For an industry to have to defend its interests by extolling capitalism seems retrograde. Has the economic system, imperfections and all, not proven to be superior to all others? Has history not validated the companion imperatives of individual freedom and governmental restraint? Against the background of communism’s failures in the Former Soviet Union, disintegrating Venezuela, and decrepit Cuba, praising economic essentials such as free markets and private property in 2019 shouldn’t be necessary.
Yet the oil and gas industry must make uncompromising support of capitalism the centerpiece of political strategy.
Socialism’s support
Support for socialism, communism’s precursor, is spreading like the flu among US liberals, who now call themselves, with no evident sense of irony, “progressives.” From announced presidential aspirants of the Democratic Party, promises flourish for free health care, free college education, guaranteed employment, and more, all funded by government. Fulfillment of those promises would require greatly accelerating the diversion of wealth away from the economy’s most-profitable activities. The aggressive redistributionism would compromise growth but not, by itself, represent socialism, in which the government controls means of production. With their Green New Deal, US liberals seek to cross that dangerous threshold.
Fusing mitigation of climate change with utopian social and economic goals, the Green New Deal would nationalize the energy industry. It calls for a prompt end to the use of fossil fuels and a requirement that all energy used in the US come from renewable sources. This could not happen unless the government took control of the energy business. This would be socialism.
The oil and gas business should take no comfort in the Green New Deal’s political and physical unfeasibility. Ideas have consequences, and the authoritarian ideas behind the Green New Deal have full-throated support from most Democratic presidential hopefuls and an appalling number of lawmakers. Socialism, discredited by history and current affairs, has returned as a political force. The oil and gas industry must take it seriously. Socialists and climate zealots have joined forces, and they want nothing less than to eradicate oil and gas. They’ll fail. But they’ll stymie a lot of pipelines in the process.
President Donald Trump senses political opportunity in socialism’s resurgence. In recent speeches, he has evoked cheers from supporters with declarations that the US never will be socialist. But an election approaches, the outcome of which is far from certain.
Results of last year’s midterm elections suggest Democrats will retain control of the House. In the Senate, Republicans now hold a six-seat advantage but must defend 10 more seats than Democrats in 2020. And Trump himself, far from universally popular in his own party, might lose. In 2 years, therefore, a political party swerving toward socialism might control the US government.

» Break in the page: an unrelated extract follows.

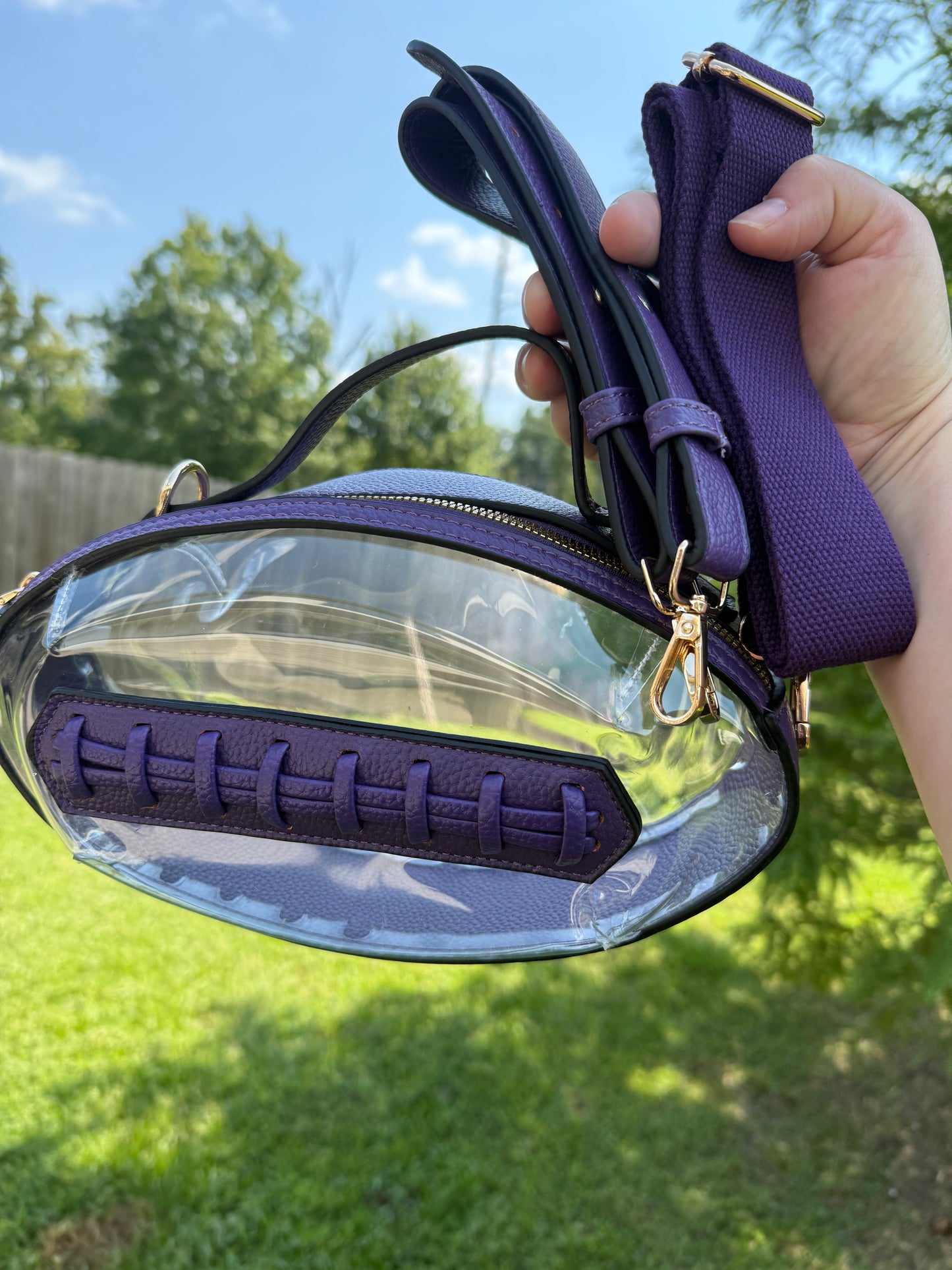 GAME DAY FOOTBALL STADIUM BAGS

Trump’s antisocialist sloganeering, moreover, teeters atop an inconsistent record. While his rollback of Obama-era overregulation has been welcome and good for the economy, his administration’s proposed favors for fuel ethanol, coal, and nuclear energy make clear that his priority is politics, not market freedom. And his declaration of an emergency to fund more border-wall construction than Congress approved is ominous. It undermines constitutional tenets oriented to the liberty essential to capitalism. And it sets a horrible precedent. Oil industry professionals unworried by this should imagine working for a Bernie Sanders or Elizabeth Warren appointee in an oil company nationalized by way of a presidential declaration that climate change represented a national emergency.
The high road
The oil and gas business need not take political sides. Partisanship seldom serves it well.
The industry needs instead to uphold transcendent principles under which its owners, employees, and customers fare best, such as economic liberty, market freedom, and limited government, and the embodiment of these principles in capitalism. Apparently, Americans need a reminder of their system’s virtues. Providing it offers the oil and gas business a high road to follow through a political season in which most roads seem destined to show much less elevation.